IFC: Jamaica beats gloomy post-hurricane financial forecasts but faces growing risks
Loading article...
Jamaica's economy proved more resilient than post-hurricane projections suggested, but faces elevated and widening risks that demand urgent response, the Independent Fiscal Commission (IFC), the country’s finance watchdog, has warned.
Despite the “monumental economic shock” from Hurricane Melissa, which struck in October and caused an estimated $2 trillion in damage and losses equivalent to 56.7 per cent of 2024 GDP, Jamaica’s macroeconomic pillars “remain sound”, it said in a statement. The storm also triggered the suspension of the fiscal rules.
The IFC made the comments in a statement Wednesday, following yesterday’s tabling of its Statement on Fiscal Performance for fiscal year 2025-2026, which ended on March 31, in the House of Representatives.
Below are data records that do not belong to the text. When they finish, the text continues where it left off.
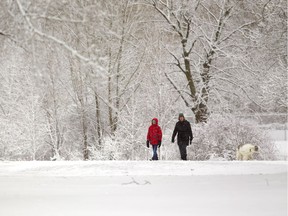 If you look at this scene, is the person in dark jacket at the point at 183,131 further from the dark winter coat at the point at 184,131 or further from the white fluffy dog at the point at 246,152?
the white fluffy dog at the point at 246,152

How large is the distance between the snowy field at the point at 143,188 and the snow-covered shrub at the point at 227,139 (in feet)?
14.1

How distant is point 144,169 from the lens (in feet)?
40.2

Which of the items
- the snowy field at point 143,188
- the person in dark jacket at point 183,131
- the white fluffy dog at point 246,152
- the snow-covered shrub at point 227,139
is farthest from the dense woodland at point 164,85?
the snowy field at point 143,188

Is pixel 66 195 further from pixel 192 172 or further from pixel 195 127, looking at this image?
pixel 195 127

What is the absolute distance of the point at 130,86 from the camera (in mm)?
22594

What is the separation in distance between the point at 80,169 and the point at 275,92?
9.66 m

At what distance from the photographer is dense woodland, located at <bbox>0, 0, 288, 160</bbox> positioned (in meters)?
19.1

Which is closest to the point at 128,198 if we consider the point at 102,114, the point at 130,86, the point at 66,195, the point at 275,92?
the point at 66,195

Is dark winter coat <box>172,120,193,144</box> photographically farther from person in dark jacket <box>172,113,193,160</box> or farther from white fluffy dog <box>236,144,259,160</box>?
white fluffy dog <box>236,144,259,160</box>

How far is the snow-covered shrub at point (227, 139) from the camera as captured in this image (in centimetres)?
1727

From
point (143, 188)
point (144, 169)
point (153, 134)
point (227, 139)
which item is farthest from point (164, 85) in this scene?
point (143, 188)

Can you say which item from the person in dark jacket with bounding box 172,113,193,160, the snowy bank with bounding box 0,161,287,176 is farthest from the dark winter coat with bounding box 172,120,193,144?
the snowy bank with bounding box 0,161,287,176

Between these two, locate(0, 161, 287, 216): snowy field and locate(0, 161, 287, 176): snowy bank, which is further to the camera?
locate(0, 161, 287, 176): snowy bank

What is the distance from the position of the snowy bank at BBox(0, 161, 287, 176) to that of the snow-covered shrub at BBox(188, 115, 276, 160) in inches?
167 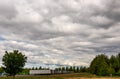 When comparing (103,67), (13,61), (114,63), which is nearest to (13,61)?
(13,61)

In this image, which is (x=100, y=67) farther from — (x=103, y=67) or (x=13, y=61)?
(x=13, y=61)

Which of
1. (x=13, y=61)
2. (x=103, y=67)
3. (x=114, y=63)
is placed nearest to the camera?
(x=13, y=61)

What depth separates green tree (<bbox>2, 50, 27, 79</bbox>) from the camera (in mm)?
57156

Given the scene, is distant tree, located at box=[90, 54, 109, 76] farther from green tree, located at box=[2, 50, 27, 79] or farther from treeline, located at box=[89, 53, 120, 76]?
green tree, located at box=[2, 50, 27, 79]

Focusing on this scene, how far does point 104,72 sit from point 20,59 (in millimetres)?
71323

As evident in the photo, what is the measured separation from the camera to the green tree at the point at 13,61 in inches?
2250

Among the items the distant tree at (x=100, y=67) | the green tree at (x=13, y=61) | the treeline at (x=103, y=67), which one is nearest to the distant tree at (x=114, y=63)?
the treeline at (x=103, y=67)

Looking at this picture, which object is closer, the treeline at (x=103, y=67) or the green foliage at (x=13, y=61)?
the green foliage at (x=13, y=61)

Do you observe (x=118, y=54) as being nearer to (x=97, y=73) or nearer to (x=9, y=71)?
(x=97, y=73)

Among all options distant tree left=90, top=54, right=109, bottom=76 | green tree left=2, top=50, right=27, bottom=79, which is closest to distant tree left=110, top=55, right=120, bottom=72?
distant tree left=90, top=54, right=109, bottom=76

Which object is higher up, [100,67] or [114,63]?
[114,63]

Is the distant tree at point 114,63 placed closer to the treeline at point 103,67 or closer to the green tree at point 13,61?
Result: the treeline at point 103,67

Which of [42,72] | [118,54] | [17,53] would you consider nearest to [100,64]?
[42,72]

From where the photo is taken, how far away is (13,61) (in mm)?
57156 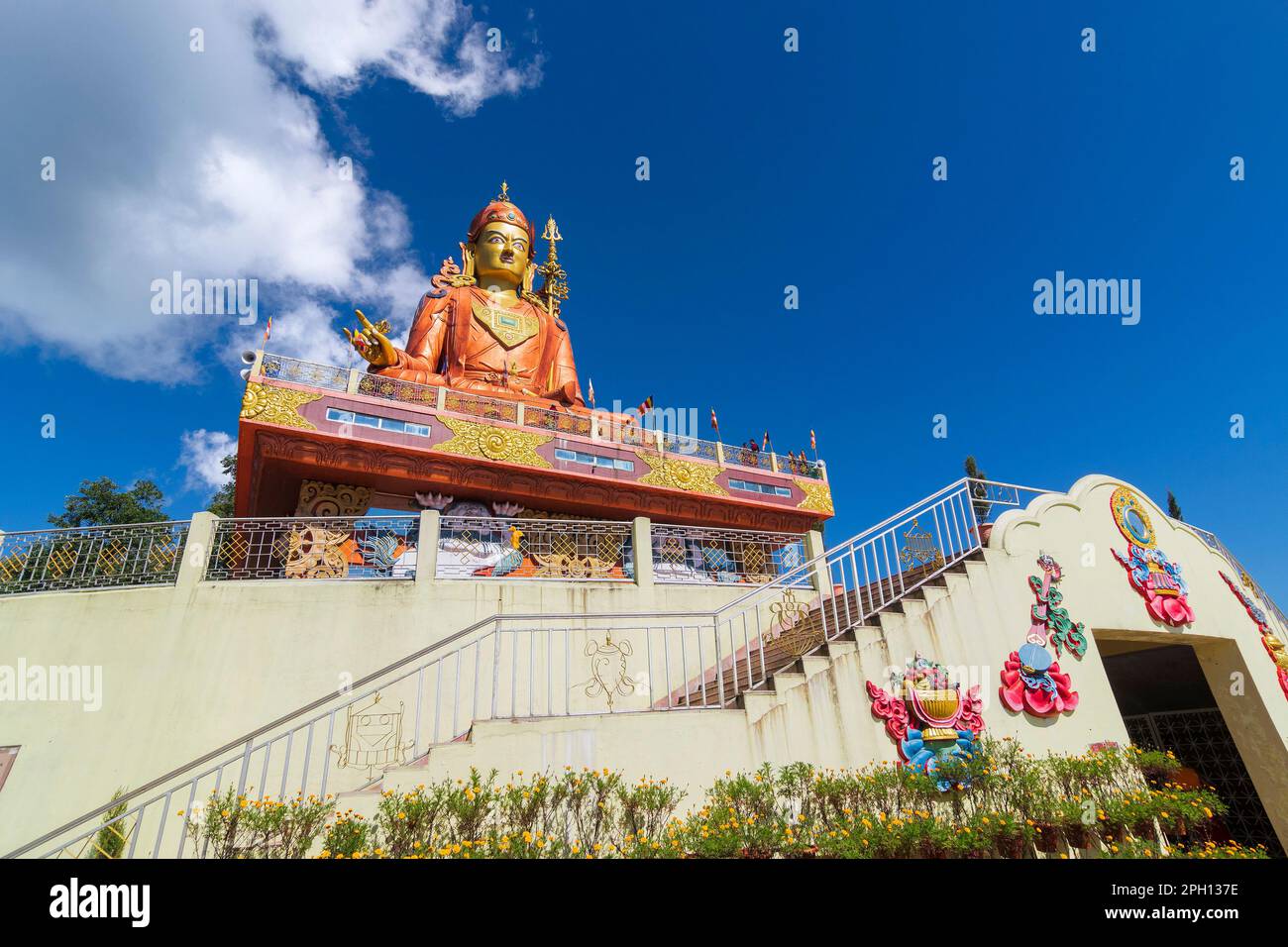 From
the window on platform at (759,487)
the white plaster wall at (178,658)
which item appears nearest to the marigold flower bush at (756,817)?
the white plaster wall at (178,658)

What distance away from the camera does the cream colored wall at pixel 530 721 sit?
225 inches

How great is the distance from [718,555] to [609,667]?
10.5 feet

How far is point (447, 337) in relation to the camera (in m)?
16.9

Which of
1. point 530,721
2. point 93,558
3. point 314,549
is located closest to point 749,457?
point 314,549

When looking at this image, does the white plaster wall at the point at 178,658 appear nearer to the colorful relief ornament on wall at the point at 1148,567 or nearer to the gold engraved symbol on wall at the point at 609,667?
the gold engraved symbol on wall at the point at 609,667

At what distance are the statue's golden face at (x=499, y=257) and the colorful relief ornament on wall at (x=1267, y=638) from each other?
1706cm

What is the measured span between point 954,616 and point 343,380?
36.9 feet

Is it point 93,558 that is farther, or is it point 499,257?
point 499,257

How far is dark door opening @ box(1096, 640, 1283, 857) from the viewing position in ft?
31.7

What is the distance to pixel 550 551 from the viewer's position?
33.1ft

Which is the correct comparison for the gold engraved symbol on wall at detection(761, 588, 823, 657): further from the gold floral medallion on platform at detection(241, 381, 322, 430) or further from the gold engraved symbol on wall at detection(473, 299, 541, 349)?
the gold engraved symbol on wall at detection(473, 299, 541, 349)

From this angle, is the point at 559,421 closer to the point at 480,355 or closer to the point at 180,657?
the point at 480,355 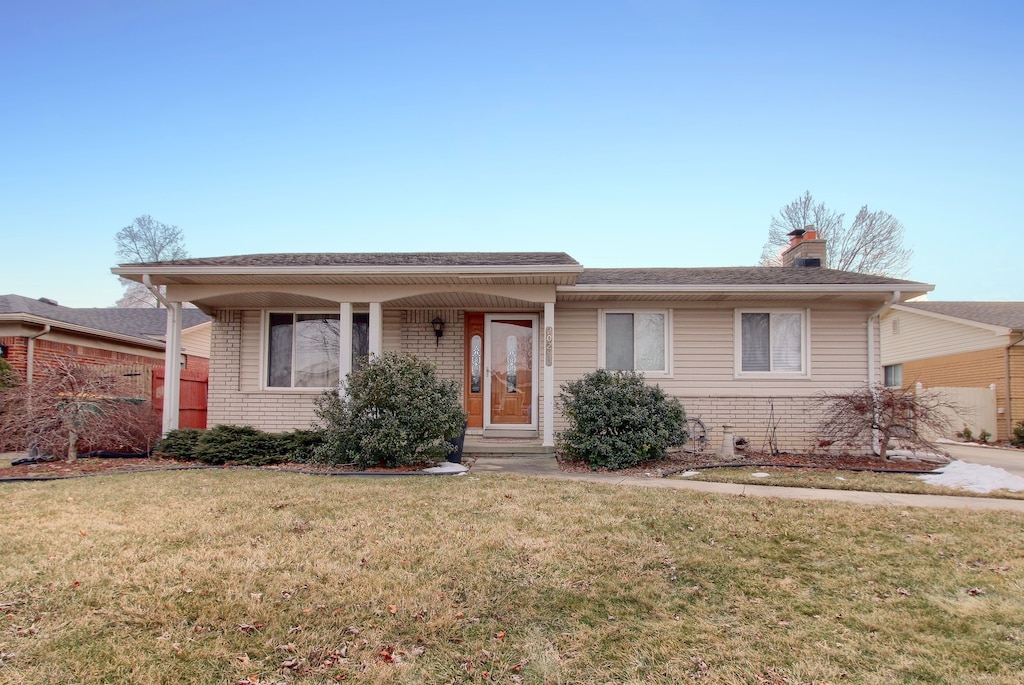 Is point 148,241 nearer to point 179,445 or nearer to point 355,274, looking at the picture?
point 179,445

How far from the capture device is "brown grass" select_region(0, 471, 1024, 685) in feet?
9.50

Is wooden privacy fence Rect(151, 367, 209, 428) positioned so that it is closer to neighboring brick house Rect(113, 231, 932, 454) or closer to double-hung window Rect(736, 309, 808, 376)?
neighboring brick house Rect(113, 231, 932, 454)

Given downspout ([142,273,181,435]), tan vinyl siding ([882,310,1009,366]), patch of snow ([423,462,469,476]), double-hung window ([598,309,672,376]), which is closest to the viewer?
patch of snow ([423,462,469,476])

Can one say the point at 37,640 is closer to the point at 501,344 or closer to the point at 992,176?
the point at 501,344

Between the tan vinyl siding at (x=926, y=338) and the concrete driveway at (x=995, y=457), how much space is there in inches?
136

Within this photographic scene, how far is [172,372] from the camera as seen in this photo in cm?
1038

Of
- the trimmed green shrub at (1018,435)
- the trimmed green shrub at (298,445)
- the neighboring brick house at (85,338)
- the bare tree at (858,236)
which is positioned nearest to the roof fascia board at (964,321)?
the trimmed green shrub at (1018,435)

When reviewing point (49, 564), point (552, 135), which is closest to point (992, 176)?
point (552, 135)

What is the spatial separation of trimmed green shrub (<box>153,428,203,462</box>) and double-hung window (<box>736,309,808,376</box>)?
9447mm

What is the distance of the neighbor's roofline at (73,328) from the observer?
12248 millimetres

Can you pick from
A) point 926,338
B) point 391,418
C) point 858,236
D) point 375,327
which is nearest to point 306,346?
point 375,327

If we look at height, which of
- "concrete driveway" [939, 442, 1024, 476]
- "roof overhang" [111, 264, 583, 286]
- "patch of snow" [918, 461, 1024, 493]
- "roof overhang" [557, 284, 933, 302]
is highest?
"roof overhang" [111, 264, 583, 286]

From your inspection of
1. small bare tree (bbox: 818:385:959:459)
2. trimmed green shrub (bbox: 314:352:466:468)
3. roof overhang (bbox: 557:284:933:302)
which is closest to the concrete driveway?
small bare tree (bbox: 818:385:959:459)

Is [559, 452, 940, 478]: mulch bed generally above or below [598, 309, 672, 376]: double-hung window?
below
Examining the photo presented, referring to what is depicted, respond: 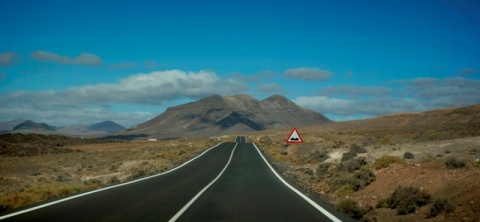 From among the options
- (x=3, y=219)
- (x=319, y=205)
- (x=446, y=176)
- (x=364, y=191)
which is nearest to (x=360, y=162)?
(x=364, y=191)

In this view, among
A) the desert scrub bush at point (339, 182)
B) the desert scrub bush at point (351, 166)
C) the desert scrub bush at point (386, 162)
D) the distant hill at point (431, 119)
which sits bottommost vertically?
the desert scrub bush at point (339, 182)

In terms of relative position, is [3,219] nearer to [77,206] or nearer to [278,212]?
[77,206]

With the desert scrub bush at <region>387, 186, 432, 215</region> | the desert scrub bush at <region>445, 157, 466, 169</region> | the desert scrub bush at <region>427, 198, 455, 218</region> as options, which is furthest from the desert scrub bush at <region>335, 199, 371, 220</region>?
the desert scrub bush at <region>445, 157, 466, 169</region>

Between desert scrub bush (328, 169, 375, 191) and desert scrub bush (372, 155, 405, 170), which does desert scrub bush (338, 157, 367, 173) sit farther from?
desert scrub bush (328, 169, 375, 191)

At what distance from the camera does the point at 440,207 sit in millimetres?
9117

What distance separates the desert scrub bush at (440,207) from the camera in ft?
29.6

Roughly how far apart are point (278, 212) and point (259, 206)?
3.69 feet

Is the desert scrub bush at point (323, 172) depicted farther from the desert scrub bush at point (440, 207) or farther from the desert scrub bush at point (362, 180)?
the desert scrub bush at point (440, 207)

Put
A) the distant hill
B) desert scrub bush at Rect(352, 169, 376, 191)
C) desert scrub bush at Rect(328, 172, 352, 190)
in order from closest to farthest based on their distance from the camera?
1. desert scrub bush at Rect(352, 169, 376, 191)
2. desert scrub bush at Rect(328, 172, 352, 190)
3. the distant hill

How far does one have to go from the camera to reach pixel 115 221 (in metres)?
8.69

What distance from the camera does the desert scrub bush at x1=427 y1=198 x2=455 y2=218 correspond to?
9016 millimetres

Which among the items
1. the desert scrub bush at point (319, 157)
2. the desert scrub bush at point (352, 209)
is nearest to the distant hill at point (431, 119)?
the desert scrub bush at point (319, 157)

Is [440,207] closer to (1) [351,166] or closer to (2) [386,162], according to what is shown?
(2) [386,162]

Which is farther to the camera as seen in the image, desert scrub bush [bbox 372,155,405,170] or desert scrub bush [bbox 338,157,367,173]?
desert scrub bush [bbox 338,157,367,173] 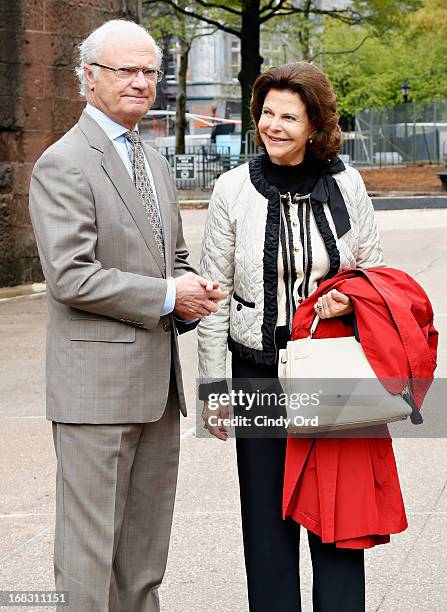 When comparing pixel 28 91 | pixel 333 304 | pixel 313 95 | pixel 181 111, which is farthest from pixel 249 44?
pixel 333 304

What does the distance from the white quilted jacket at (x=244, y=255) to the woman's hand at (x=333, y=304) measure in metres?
0.19

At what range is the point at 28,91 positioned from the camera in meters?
12.4

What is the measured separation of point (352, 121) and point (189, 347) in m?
49.4

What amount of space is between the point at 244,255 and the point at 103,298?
23.4 inches

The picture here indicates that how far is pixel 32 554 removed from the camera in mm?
5027

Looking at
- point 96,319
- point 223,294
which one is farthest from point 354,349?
point 96,319

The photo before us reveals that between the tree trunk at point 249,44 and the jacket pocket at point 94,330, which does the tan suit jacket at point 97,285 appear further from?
the tree trunk at point 249,44

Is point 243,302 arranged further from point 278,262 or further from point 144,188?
point 144,188

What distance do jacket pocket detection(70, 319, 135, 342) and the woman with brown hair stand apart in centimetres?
49

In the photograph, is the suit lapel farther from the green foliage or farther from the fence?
the green foliage

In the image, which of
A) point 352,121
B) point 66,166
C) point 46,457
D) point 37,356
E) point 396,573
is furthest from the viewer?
point 352,121

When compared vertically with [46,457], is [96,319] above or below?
above

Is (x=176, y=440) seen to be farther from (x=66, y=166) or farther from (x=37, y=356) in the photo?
(x=37, y=356)

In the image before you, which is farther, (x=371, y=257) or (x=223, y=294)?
(x=371, y=257) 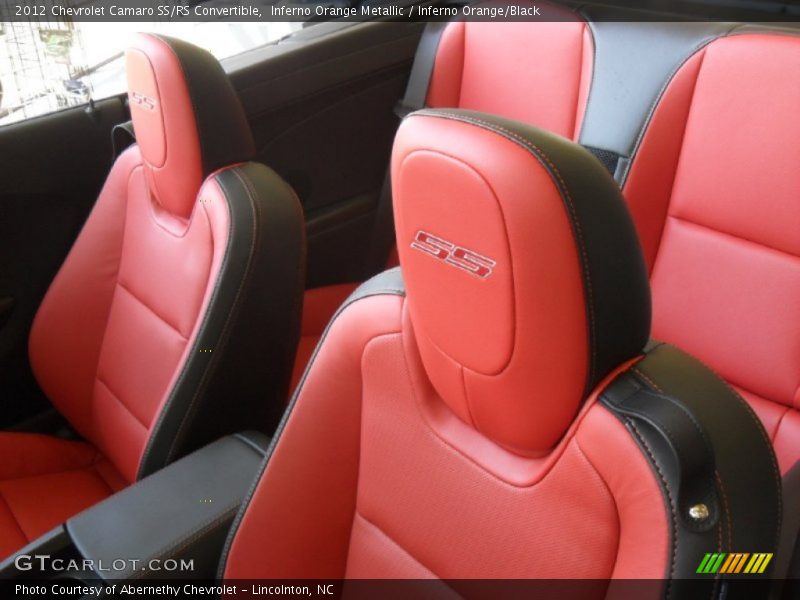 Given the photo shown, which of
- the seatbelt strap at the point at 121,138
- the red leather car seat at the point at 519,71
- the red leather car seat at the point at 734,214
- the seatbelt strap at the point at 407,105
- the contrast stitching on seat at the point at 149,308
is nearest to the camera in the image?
the red leather car seat at the point at 734,214

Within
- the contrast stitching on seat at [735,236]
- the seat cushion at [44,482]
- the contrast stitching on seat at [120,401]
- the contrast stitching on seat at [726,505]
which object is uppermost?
the contrast stitching on seat at [726,505]

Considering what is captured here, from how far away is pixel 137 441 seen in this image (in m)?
→ 1.34

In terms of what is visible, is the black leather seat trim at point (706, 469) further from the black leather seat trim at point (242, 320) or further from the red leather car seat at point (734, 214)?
the black leather seat trim at point (242, 320)

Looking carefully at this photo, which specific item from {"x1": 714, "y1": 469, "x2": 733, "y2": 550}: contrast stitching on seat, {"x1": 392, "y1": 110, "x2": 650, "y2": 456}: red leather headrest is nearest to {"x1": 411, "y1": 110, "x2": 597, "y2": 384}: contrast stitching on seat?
{"x1": 392, "y1": 110, "x2": 650, "y2": 456}: red leather headrest

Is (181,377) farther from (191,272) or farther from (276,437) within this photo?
(276,437)

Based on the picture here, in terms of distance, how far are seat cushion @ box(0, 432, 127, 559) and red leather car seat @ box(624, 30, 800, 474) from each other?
1.08 m

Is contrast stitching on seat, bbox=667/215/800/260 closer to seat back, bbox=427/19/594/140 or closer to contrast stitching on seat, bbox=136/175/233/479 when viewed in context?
seat back, bbox=427/19/594/140

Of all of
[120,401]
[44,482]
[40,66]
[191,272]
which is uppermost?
[40,66]

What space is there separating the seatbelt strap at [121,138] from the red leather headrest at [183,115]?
316 millimetres

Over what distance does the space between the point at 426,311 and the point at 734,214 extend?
29.0 inches

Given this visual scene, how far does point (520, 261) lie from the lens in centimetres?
61

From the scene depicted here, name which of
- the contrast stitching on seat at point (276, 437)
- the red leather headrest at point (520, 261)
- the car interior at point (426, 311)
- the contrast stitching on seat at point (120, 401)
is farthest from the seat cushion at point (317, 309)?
the red leather headrest at point (520, 261)

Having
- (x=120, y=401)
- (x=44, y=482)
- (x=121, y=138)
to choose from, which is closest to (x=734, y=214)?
(x=120, y=401)

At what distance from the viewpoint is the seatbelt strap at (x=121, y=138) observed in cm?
159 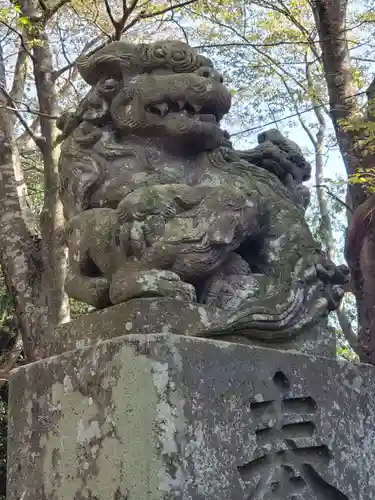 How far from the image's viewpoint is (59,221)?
543cm

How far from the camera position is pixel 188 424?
170 cm

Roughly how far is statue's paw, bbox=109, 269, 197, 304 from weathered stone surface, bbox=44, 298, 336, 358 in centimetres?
3

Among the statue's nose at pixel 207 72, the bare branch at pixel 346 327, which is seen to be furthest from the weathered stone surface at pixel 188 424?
the bare branch at pixel 346 327

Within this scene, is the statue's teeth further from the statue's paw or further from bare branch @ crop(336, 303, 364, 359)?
bare branch @ crop(336, 303, 364, 359)

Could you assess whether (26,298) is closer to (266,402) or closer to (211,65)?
(211,65)

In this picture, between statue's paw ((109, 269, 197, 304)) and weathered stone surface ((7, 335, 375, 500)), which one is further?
statue's paw ((109, 269, 197, 304))

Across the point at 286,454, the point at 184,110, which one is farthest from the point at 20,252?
the point at 286,454

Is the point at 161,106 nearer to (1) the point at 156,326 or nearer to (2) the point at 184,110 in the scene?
(2) the point at 184,110

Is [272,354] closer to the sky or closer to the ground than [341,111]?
closer to the ground

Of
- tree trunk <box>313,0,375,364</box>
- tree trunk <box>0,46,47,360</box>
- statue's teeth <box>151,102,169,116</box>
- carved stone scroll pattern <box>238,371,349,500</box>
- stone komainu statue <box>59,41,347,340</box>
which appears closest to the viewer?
carved stone scroll pattern <box>238,371,349,500</box>

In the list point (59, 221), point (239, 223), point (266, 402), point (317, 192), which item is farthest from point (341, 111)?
point (317, 192)

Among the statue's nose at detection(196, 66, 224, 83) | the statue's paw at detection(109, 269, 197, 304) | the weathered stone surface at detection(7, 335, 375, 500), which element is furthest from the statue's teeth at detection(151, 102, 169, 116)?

The IFC said headline inflation stood at 4.3 per cent at end-March 2026, well below post-Melissa projections of 10 per cent and 5.7 per cent made in January and February, respectively, and comfortably within the Bank of Jamaica's 4.0 to 6.0 per cent target band. Headline inflation measures the change in prices of a certain goods and services consumed by households, including food and energy
The commission said real GDP contracted by 1.7 per cent for the fiscal year, a significantly smaller decline than the 4.5 per cent and 3.1 per cent projected in January and February respectively. Real GDP measures how much an economy actually produces are removing the distorting effect of inflation to show whether output genuinely grew or shrank.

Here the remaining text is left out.